EXERCISE GOAL:
Below are the entries. Transcribe exactly the lines from the one with "Îngrijire și Frumusețe" through the one with "New Build - Apartment", ends included, and leave out all others.

TASK DATA:
---------------
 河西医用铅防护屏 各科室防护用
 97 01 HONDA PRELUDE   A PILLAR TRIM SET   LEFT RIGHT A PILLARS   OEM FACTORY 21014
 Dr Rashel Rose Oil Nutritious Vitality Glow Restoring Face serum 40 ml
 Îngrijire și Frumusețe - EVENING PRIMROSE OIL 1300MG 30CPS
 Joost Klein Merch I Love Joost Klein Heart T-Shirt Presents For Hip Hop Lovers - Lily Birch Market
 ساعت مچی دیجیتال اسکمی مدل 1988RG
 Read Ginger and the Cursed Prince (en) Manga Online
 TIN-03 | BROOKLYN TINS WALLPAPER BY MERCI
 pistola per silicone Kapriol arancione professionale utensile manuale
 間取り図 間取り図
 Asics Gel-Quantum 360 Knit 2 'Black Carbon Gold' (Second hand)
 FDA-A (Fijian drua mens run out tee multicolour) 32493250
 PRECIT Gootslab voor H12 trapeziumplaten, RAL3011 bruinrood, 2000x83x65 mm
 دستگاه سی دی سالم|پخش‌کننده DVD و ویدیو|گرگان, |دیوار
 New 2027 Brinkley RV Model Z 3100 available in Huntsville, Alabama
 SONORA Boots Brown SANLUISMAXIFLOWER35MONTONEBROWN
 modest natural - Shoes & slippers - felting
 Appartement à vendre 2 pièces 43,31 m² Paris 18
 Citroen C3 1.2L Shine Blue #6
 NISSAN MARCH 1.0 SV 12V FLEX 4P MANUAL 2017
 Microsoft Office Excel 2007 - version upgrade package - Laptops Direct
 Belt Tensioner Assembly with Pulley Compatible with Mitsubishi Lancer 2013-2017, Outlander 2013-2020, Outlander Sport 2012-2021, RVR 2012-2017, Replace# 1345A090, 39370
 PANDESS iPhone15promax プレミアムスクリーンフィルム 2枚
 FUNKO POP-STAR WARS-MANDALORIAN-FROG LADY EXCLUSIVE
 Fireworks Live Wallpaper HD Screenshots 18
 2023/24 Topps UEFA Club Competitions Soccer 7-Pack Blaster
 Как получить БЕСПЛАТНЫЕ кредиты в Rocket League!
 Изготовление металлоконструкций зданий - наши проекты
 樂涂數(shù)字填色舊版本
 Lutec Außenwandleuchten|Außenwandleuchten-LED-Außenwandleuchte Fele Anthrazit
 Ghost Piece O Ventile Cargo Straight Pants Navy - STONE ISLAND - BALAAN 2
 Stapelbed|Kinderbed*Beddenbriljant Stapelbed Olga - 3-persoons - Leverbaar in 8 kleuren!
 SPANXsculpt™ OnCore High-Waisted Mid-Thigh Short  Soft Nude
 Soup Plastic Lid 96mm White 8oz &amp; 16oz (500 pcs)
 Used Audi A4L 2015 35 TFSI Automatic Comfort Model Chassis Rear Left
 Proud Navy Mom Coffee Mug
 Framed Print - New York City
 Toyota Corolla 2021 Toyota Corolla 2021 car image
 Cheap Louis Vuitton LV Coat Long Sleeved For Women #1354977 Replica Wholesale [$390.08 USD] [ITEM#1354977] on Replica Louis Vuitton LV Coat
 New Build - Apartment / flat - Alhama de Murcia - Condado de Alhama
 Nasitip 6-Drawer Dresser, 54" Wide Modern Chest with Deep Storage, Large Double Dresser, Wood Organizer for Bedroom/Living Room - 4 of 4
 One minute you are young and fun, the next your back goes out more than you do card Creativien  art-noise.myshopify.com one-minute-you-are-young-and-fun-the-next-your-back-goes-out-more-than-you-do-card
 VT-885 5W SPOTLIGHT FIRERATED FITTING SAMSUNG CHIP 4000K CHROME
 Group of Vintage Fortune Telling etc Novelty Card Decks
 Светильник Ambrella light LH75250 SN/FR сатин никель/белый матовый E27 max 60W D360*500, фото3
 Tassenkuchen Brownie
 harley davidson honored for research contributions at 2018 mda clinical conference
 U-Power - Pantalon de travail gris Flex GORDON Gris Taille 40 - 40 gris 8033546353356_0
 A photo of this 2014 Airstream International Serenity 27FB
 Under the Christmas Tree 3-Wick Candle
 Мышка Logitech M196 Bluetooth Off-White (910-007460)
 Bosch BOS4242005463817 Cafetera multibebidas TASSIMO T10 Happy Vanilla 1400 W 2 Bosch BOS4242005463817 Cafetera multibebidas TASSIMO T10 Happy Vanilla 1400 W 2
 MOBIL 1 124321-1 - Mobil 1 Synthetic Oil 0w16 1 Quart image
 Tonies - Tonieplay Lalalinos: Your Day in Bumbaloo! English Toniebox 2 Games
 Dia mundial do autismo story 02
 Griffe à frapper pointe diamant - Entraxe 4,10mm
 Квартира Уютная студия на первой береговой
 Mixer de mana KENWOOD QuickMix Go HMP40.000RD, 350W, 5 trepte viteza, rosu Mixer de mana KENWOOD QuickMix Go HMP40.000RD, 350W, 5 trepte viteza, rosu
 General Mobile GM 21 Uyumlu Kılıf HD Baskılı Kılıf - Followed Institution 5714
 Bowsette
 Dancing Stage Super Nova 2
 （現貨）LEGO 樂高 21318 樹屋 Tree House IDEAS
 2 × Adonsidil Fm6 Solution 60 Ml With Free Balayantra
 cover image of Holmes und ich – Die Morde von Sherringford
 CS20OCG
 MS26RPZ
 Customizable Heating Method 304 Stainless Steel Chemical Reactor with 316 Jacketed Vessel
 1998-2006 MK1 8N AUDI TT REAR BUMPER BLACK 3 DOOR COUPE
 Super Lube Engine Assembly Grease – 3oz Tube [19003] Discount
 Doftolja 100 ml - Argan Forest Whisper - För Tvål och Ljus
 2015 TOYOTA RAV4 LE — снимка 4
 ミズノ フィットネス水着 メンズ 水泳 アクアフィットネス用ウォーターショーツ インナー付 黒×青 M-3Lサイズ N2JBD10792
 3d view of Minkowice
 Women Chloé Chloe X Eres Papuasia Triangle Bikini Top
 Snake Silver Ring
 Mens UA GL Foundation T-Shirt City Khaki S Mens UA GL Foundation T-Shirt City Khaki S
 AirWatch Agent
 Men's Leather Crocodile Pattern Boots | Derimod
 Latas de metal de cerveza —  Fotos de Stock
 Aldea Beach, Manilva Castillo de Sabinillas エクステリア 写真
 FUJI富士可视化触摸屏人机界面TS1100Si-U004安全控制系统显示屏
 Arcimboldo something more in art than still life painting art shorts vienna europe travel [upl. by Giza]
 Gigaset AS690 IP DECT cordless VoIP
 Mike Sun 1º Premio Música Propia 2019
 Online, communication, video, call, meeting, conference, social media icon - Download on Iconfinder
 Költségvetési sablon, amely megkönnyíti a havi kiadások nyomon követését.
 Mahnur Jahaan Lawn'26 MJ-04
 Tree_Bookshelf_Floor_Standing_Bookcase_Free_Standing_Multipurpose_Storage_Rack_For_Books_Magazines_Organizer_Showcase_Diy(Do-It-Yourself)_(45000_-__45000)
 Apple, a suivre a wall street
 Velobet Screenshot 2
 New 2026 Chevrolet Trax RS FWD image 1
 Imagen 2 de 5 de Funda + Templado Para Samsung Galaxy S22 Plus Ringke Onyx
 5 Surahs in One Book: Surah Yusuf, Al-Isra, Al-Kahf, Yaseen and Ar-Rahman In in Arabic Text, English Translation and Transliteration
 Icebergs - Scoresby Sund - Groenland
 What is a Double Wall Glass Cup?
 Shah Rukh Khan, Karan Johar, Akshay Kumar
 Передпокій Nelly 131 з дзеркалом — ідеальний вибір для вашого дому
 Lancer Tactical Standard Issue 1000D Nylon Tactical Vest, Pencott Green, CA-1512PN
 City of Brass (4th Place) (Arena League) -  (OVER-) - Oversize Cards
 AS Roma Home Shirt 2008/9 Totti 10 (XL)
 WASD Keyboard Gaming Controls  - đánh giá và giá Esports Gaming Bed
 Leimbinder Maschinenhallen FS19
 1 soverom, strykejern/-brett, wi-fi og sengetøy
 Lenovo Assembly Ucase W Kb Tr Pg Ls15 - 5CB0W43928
---------------
EXERCISE RESULT:
 Îngrijire și Frumusețe - EVENING PRIMROSE OIL 1300MG 30CPS
 Joost Klein Merch I Love Joost Klein Heart T-Shirt Presents For Hip Hop Lovers - Lily Birch Market
 ساعت مچی دیجیتال اسکمی مدل 1988RG
 Read Ginger and the Cursed Prince (en) Manga Online
 TIN-03 | BROOKLYN TINS WALLPAPER BY MERCI
 pistola per silicone Kapriol arancione professionale utensile manuale
 間取り図 間取り図
 Asics Gel-Quantum 360 Knit 2 'Black Carbon Gold' (Second hand)
 FDA-A (Fijian drua mens run out tee multicolour) 32493250
 PRECIT Gootslab voor H12 trapeziumplaten, RAL3011 bruinrood, 2000x83x65 mm
 دستگاه سی دی سالم|پخش‌کننده DVD و ویدیو|گرگان, |دیوار
 New 2027 Brinkley RV Model Z 3100 available in Huntsville, Alabama
 SONORA Boots Brown SANLUISMAXIFLOWER35MONTONEBROWN
 modest natural - Shoes & slippers - felting
 Appartement à vendre 2 pièces 43,31 m² Paris 18
 Citroen C3 1.2L Shine Blue #6
 NISSAN MARCH 1.0 SV 12V FLEX 4P MANUAL 2017
 Microsoft Office Excel 2007 - version upgrade package - Laptops Direct
 Belt Tensioner Assembly with Pulley Compatible with Mitsubishi Lancer 2013-2017, Outlander 2013-2020, Outlander Sport 2012-2021, RVR 2012-2017, Replace# 1345A090, 39370
 PANDESS iPhone15promax プレミアムスクリーンフィルム 2枚
 FUNKO POP-STAR WARS-MANDALORIAN-FROG LADY EXCLUSIVE
 Fireworks Live Wallpaper HD Screenshots 18
 2023/24 Topps UEFA Club Competitions Soccer 7-Pack Blaster
 Как получить БЕСПЛАТНЫЕ кредиты в Rocket League!
 Изготовление металлоконструкций зданий - наши проекты
 樂涂數(shù)字填色舊版本
 Lutec Außenwandleuchten|Außenwandleuchten-LED-Außenwandleuchte Fele Anthrazit
 Ghost Piece O Ventile Cargo Straight Pants Navy - STONE ISLAND - BALAAN 2
 Stapelbed|Kinderbed*Beddenbriljant Stapelbed Olga - 3-persoons - Leverbaar in 8 kleuren!
 SPANXsculpt™ OnCore High-Waisted Mid-Thigh Short  Soft Nude
 Soup Plastic Lid 96mm White 8oz &amp; 16oz (500 pcs)
 Used Audi A4L 2015 35 TFSI Automatic Comfort Model Chassis Rear Left
 Proud Navy Mom Coffee Mug
 Framed Print - New York City
 Toyota Corolla 2021 Toyota Corolla 2021 car image
 Cheap Louis Vuitton LV Coat Long Sleeved For Women #1354977 Replica Wholesale [$390.08 USD] [ITEM#1354977] on Replica Louis Vuitton LV Coat
 New Build - Apartment / flat - Alhama de Murcia - Condado de Alhama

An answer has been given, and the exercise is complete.